This is the mail archive of the gcc-patches@gcc.gnu.org mailing list for the GCC project.

Index Nav:	[Date Index] [Subject Index] [Author Index] [Thread Index]
Message Nav:	[Date Prev] [Date Next]	[Thread Prev] [Thread Next]
Other format:	[Raw text]

Re: [ARM] implement division using vrecpe/vrecps with -funsafe-math-optimizations

From: Ramana Radhakrishnan <ramana dot gcc at googlemail dot com>
To: Prathamesh Kulkarni <prathamesh dot kulkarni at linaro dot org>
Cc: Ramana Radhakrishnan <ramana dot radhakrishnan at foss dot arm dot com>, gcc Patches <gcc-patches at gcc dot gnu dot org>, Charles Baylis <charles dot baylis at linaro dot org>
Date: Thu, 4 Feb 2016 11:01:09 +0000
Subject: Re: [ARM] implement division using vrecpe/vrecps with -funsafe-math-optimizations
Authentication-results: sourceware.org; auth=none
References: <CAAgBjMk0Hdask2JU8xs4fj_Ai1e0ggxB+h3ayb=NOGQBYJ8ccQ at mail dot gmail dot com> <55BB4127 dot 5050202 at foss dot arm dot com> <CAAgBjMnteaOO=JFifLD1CG7s-JE5r=65wcQm+HBwSMtpwg3ReA at mail dot gmail dot com>

On Sun, Jan 17, 2016 at 9:06 AM, Prathamesh Kulkarni
<prathamesh.kulkarni@linaro.org> wrote:
> On 31 July 2015 at 15:04, Ramana Radhakrishnan
> <ramana.radhakrishnan@foss.arm.com> wrote:
>>
>>
>> On 29/07/15 11:09, Prathamesh Kulkarni wrote:
>>> Hi,
>>> This patch tries to implement division with multiplication by
>>> reciprocal using vrecpe/vrecps
>>> with -funsafe-math-optimizations and -freciprocal-math enabled.
>>> Tested on arm-none-linux-gnueabihf using qemu.
>>> OK for trunk ?
>>>
>>> Thank you,
>>> Prathamesh
>>>
>>
>> I've tried this in the past and never been convinced that 2 iterations are enough to get to stability with this given that the results are only precise for 8 bits / iteration.

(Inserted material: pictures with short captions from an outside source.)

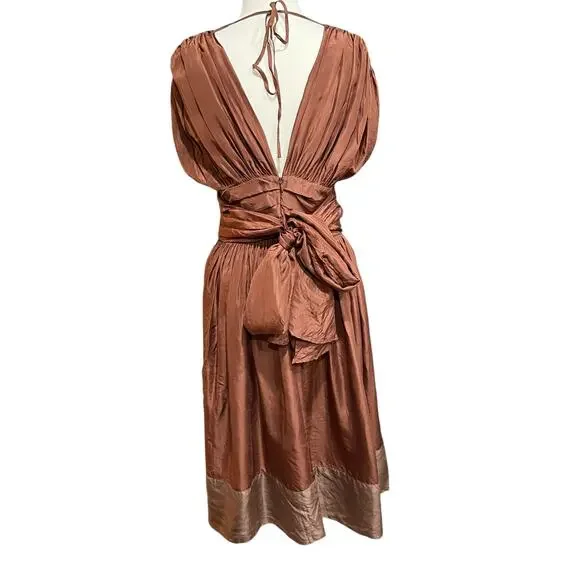 BCBGmaxazria Silk Dress Womens 6 Brown Pleated Sash Fit Flare Midi Greek Goddess - Picture 5 of 15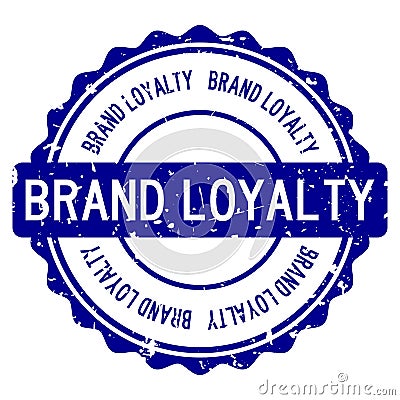 Grunge blue brand loyalty word round rubber stamp on white background Vector Illustration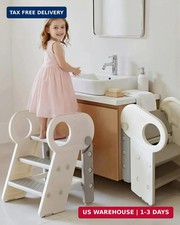Soladder Foldable Toddler Step Stool for Bathroom Sink, Non-Slip Adjustable 3 or
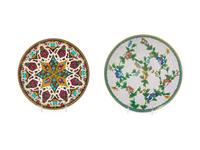 Two Chinese Export Cloisonné Enamel Plates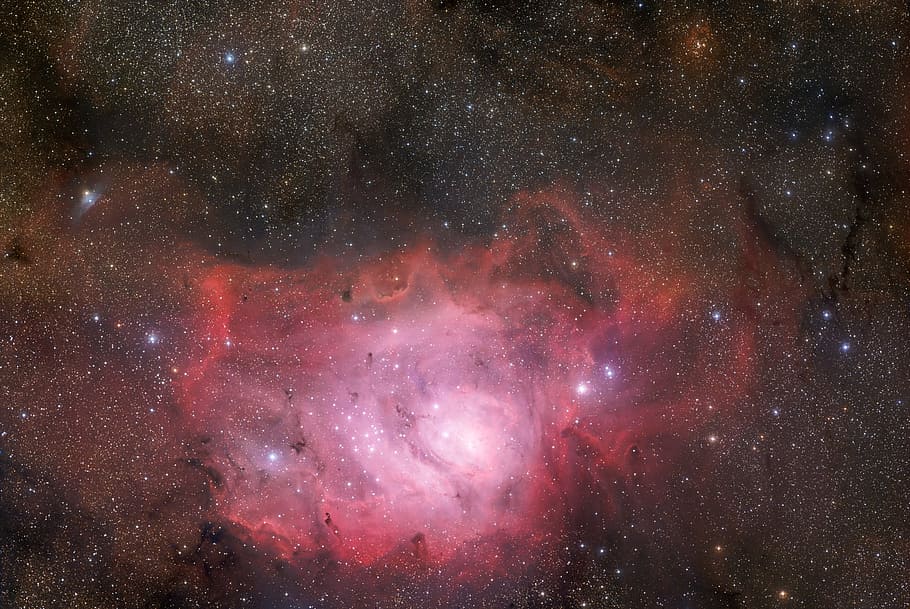 merah, hitam, galaksi, laguna nebula, messier 8, ngc 6523, emisi nebula, refleksi nebula, konstelasi sagittarius, langit berbintang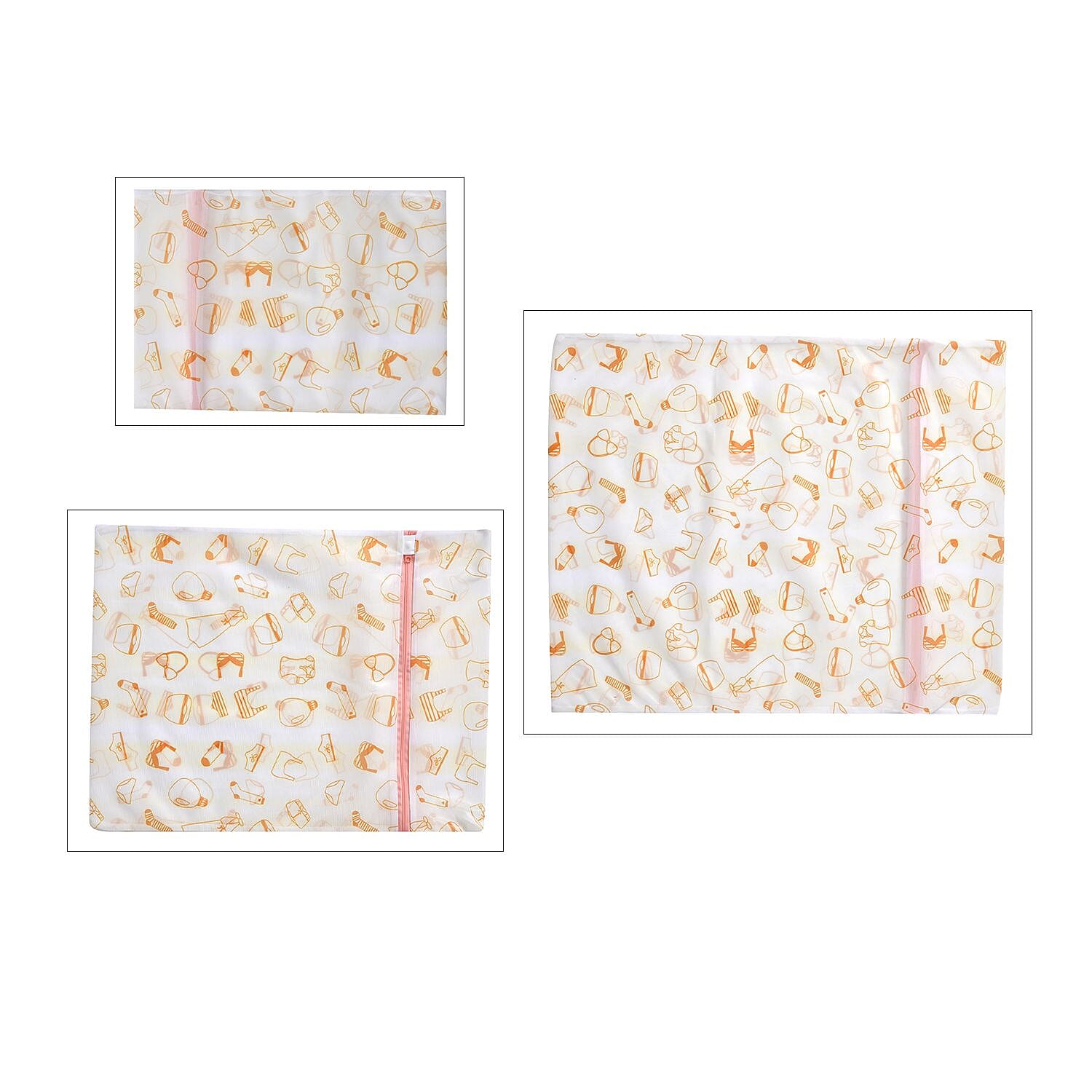 Set of 5 - Orange Underwear Pattern Laundry Bags with Zip Closure - White and Orange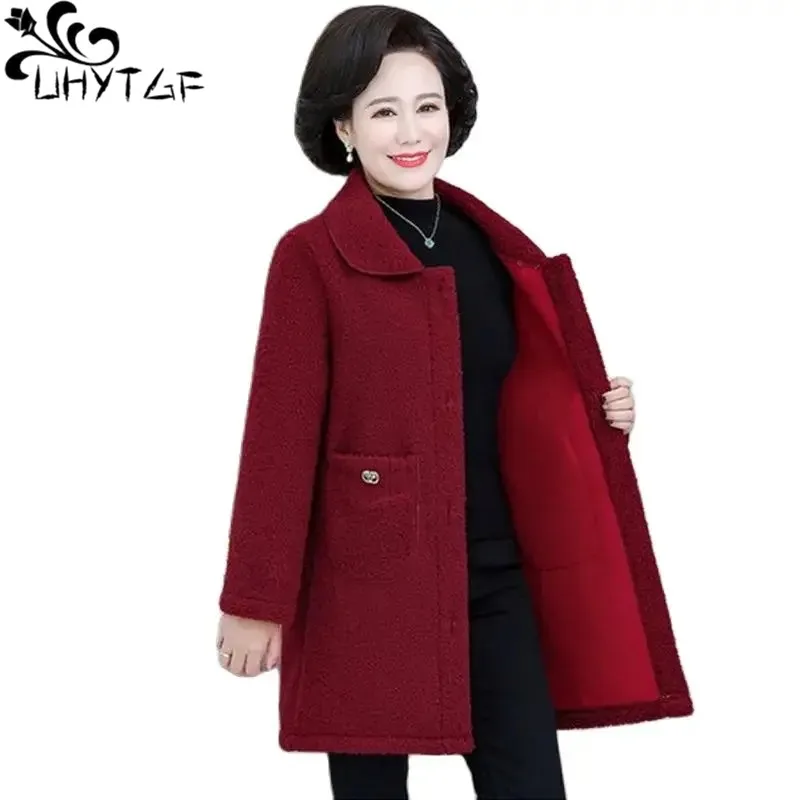 

XL-6XL Mother Winter Jacket Women's Single Breasted Luxury Lambswool Windbreaker Coat Female Granular Fleece Warm Outerwear 2870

Thus I've always believed you need 3 iterations rather than 2 at which point I've never been sure that it's worth it. So the testing that you've done with this currently is not enough for this to go into the tree.
>>
>> I'd like this to be tested on a couple of different AArch32 implementations with a wider range of inputs to verify that the results are acceptable as well as running something like SPEC2k(6) with atleast one iteration to ensure correctness.
> Hi,
> I got results of SPEC2k6 fp benchmarks:
> a15: +0.64% overall, 481.wrf: +6.46%
> a53: +0.21% overall, 416.gamess: -1.39%, 481.wrf: +6.76%
> a57: +0.35% overall, 481.wrf: +3.84%
> The other benchmarks had (almost) identical results.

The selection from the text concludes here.